• **Exercise objective**: In the records below, the lines between the one holding "214A Zarqash Embroidered" and the one holding "Two fencers in", inclusive, are to be transcribed exactly; no pictures are to be included.

• **Record set**:
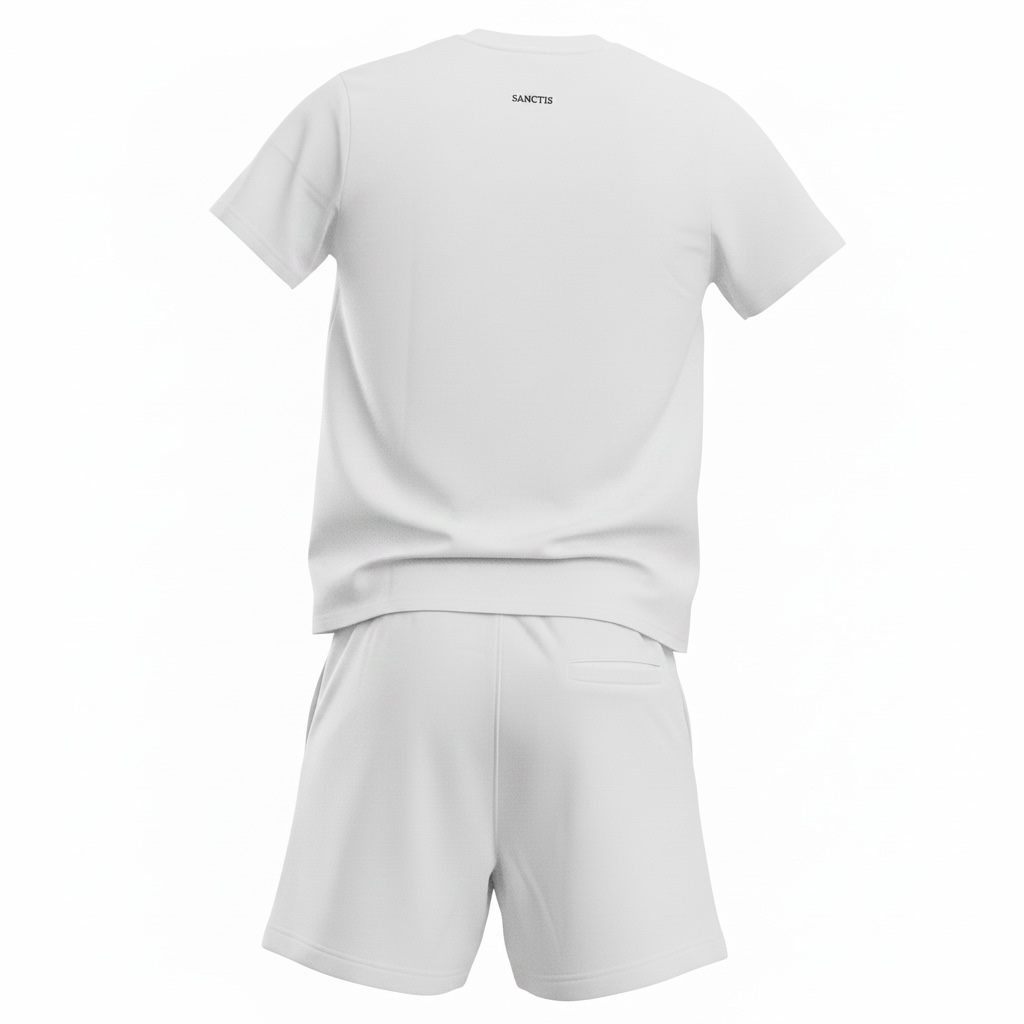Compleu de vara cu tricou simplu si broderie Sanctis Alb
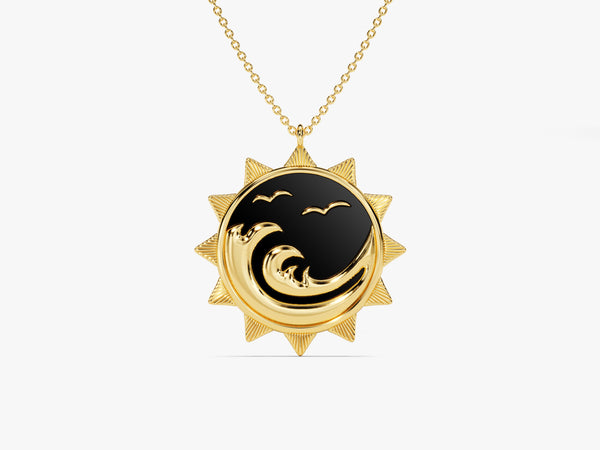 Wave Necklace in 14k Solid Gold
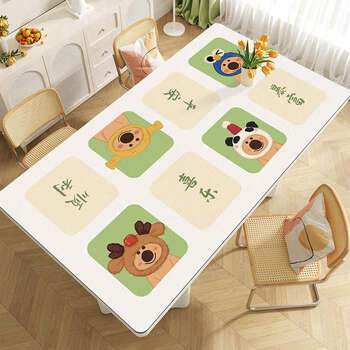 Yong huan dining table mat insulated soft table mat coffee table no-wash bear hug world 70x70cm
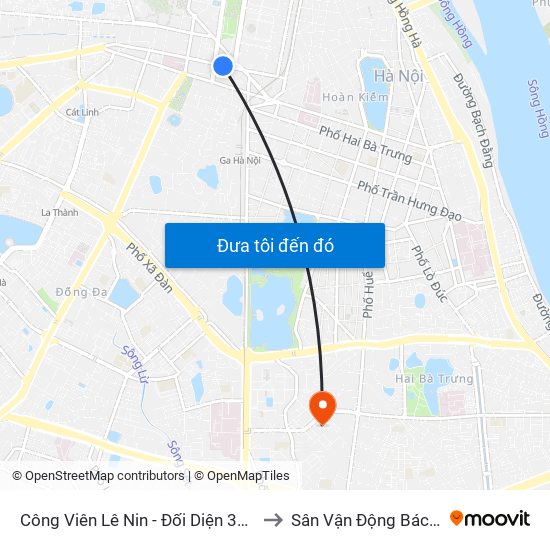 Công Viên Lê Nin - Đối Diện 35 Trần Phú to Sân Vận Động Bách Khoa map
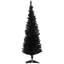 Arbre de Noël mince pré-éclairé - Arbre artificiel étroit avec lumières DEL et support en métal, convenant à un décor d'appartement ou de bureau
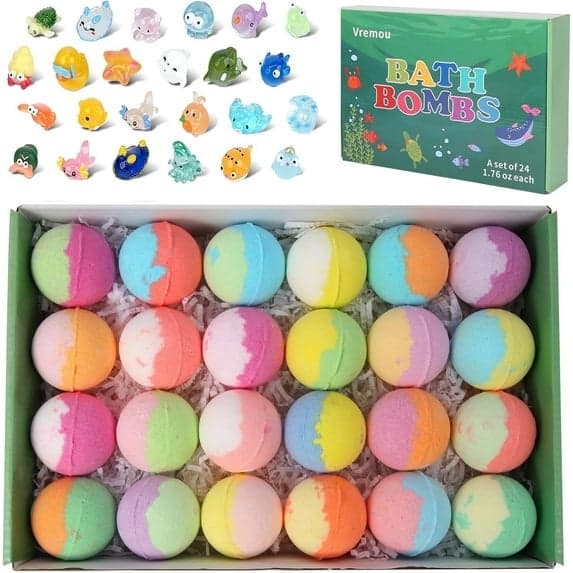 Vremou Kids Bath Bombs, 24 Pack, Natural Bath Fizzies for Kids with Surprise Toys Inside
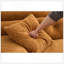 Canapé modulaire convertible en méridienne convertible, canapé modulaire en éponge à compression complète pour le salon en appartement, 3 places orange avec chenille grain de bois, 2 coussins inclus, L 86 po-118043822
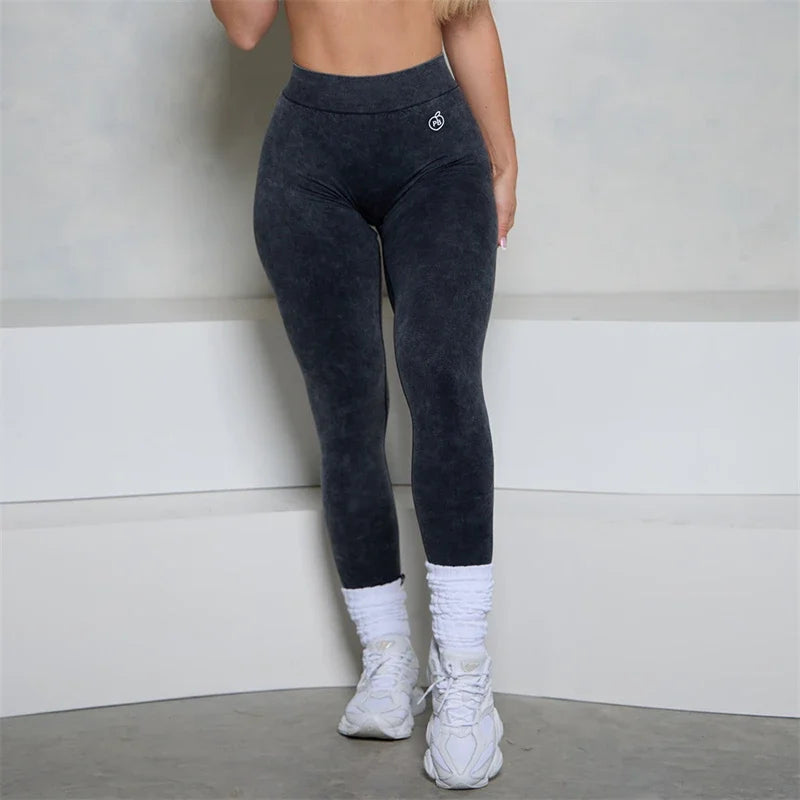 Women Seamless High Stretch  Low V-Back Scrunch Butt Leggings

---

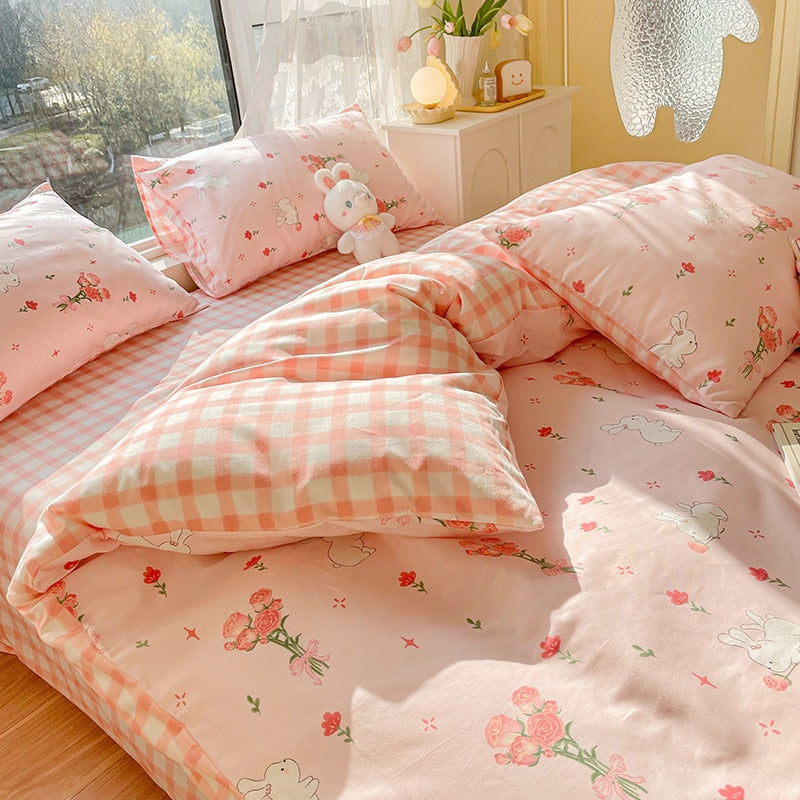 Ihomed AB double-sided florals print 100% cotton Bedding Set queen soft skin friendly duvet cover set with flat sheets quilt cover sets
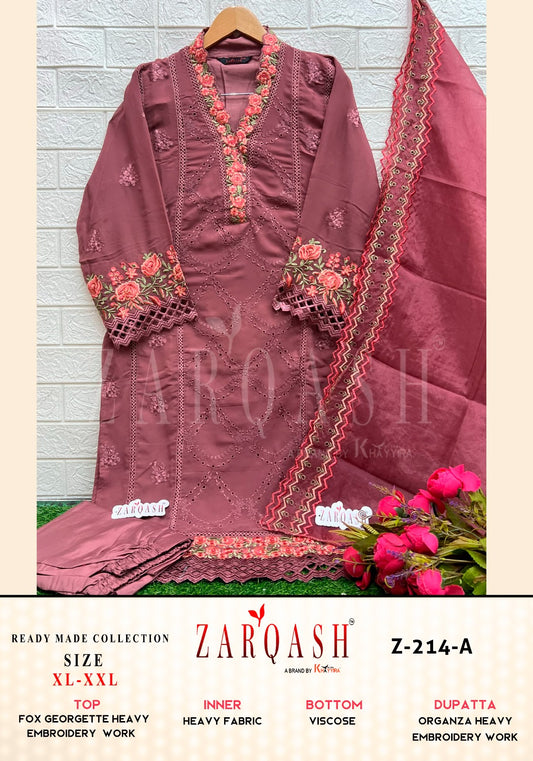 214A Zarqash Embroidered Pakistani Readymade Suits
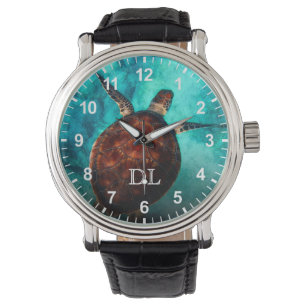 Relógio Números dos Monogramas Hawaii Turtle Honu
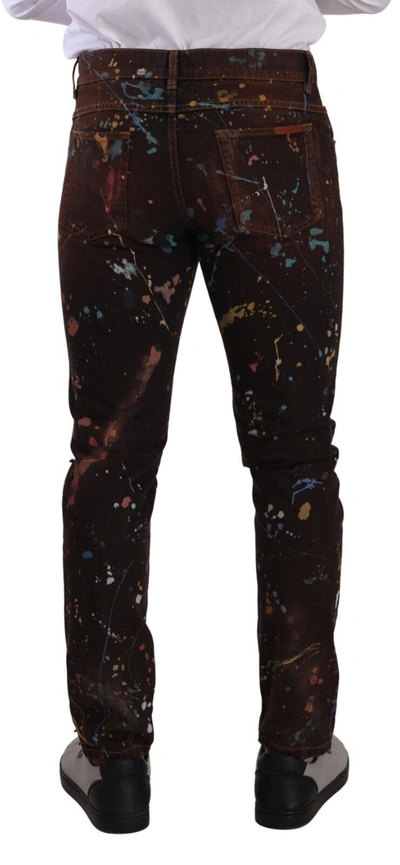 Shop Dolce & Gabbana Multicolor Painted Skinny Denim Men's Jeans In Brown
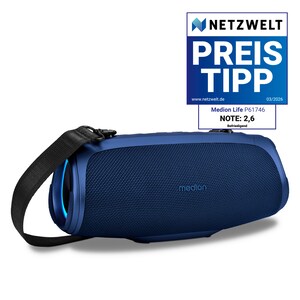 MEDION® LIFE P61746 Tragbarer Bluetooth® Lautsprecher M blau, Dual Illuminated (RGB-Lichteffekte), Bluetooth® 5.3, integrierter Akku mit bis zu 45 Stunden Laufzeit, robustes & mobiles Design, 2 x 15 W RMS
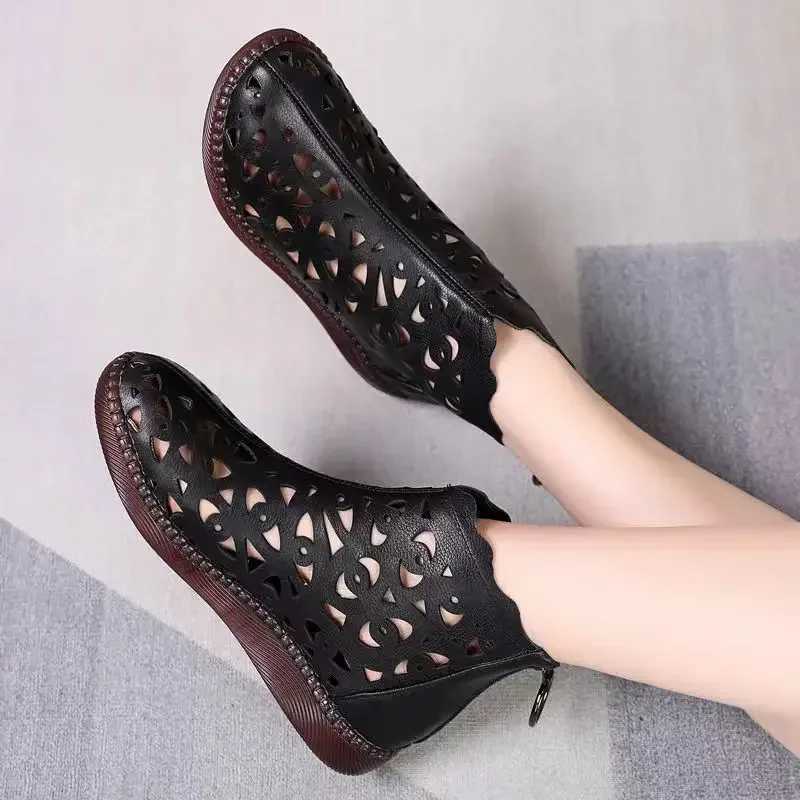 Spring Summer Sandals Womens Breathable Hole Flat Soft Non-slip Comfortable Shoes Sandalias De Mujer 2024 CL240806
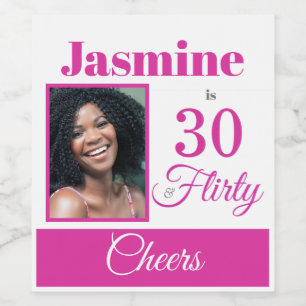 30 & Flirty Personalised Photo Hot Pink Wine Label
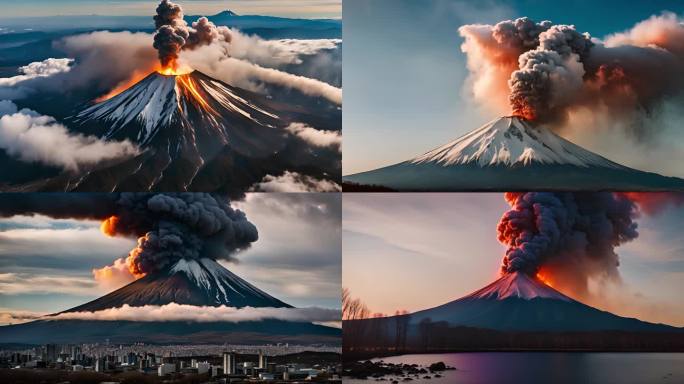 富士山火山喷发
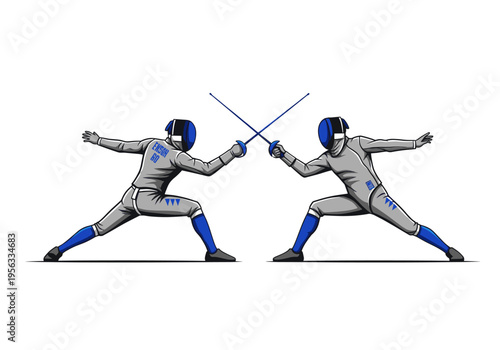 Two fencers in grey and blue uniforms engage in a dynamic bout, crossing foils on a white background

---

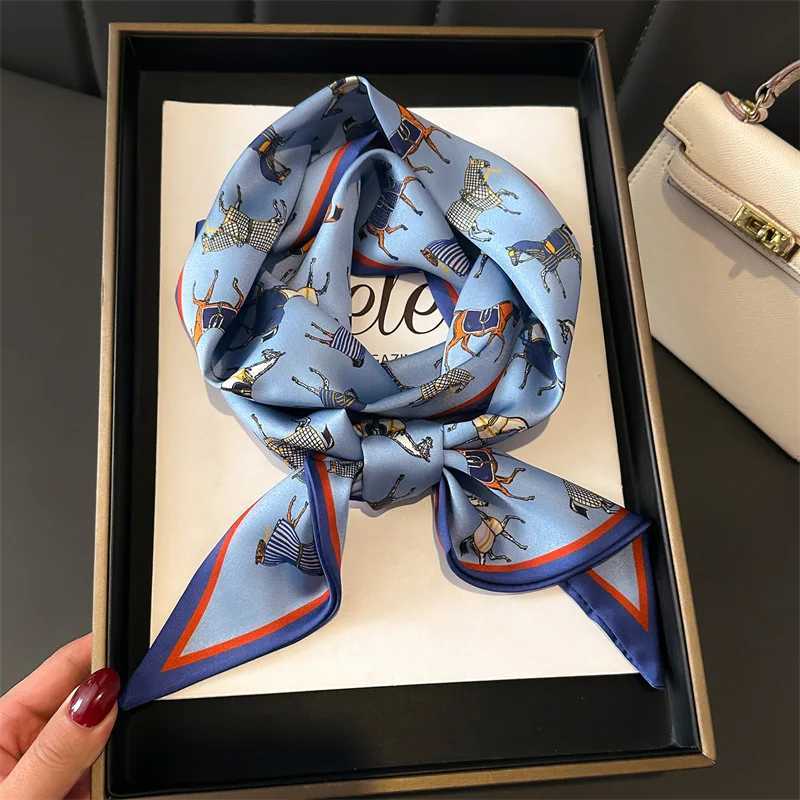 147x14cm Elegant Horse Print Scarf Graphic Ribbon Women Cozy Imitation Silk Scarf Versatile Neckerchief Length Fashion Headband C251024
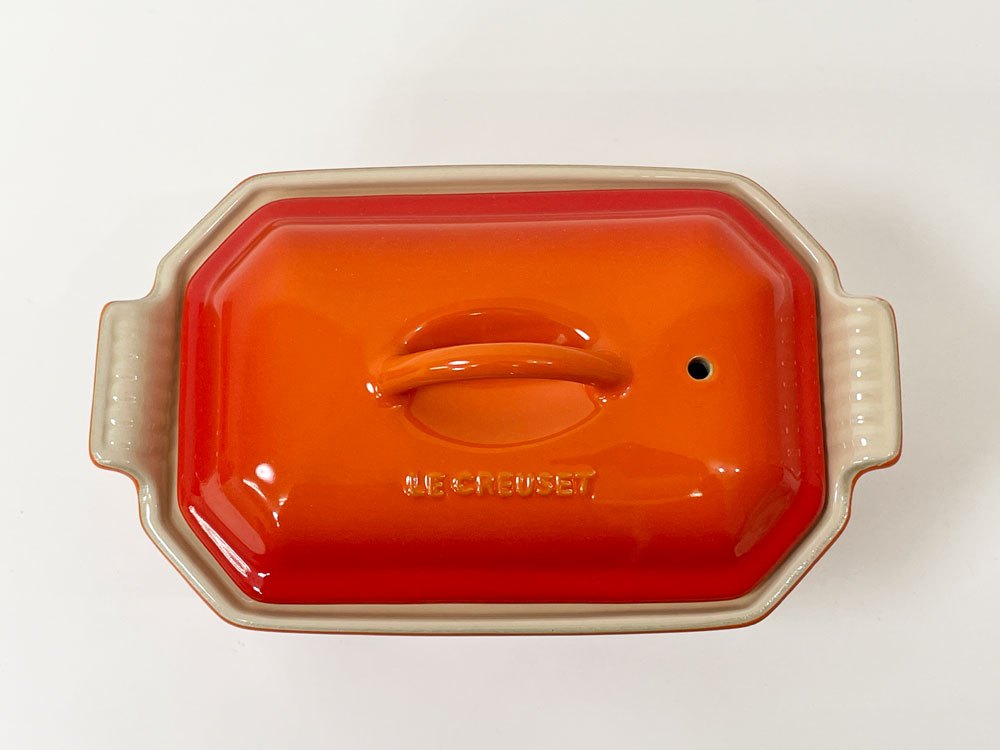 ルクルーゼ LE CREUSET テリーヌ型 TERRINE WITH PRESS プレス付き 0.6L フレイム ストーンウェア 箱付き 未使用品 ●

• **Result**:
 214A Zarqash Embroidered Pakistani Readymade Suits
 Relógio Números dos Monogramas Hawaii Turtle Honu
 Shop Dolce & Gabbana Multicolor Painted Skinny Denim Men's Jeans In Brown
 MEDION® LIFE P61746 Tragbarer Bluetooth® Lautsprecher M blau, Dual Illuminated (RGB-Lichteffekte), Bluetooth® 5.3, integrierter Akku mit bis zu 45 Stunden Laufzeit, robustes & mobiles Design, 2 x 15 W RMS
 Spring Summer Sandals Womens Breathable Hole Flat Soft Non-slip Comfortable Shoes Sandalias De Mujer 2024 CL240806
 30 & Flirty Personalised Photo Hot Pink Wine Label
 富士山火山喷发
 Two fencers in grey and blue uniforms engage in a dynamic bout, crossing foils on a white background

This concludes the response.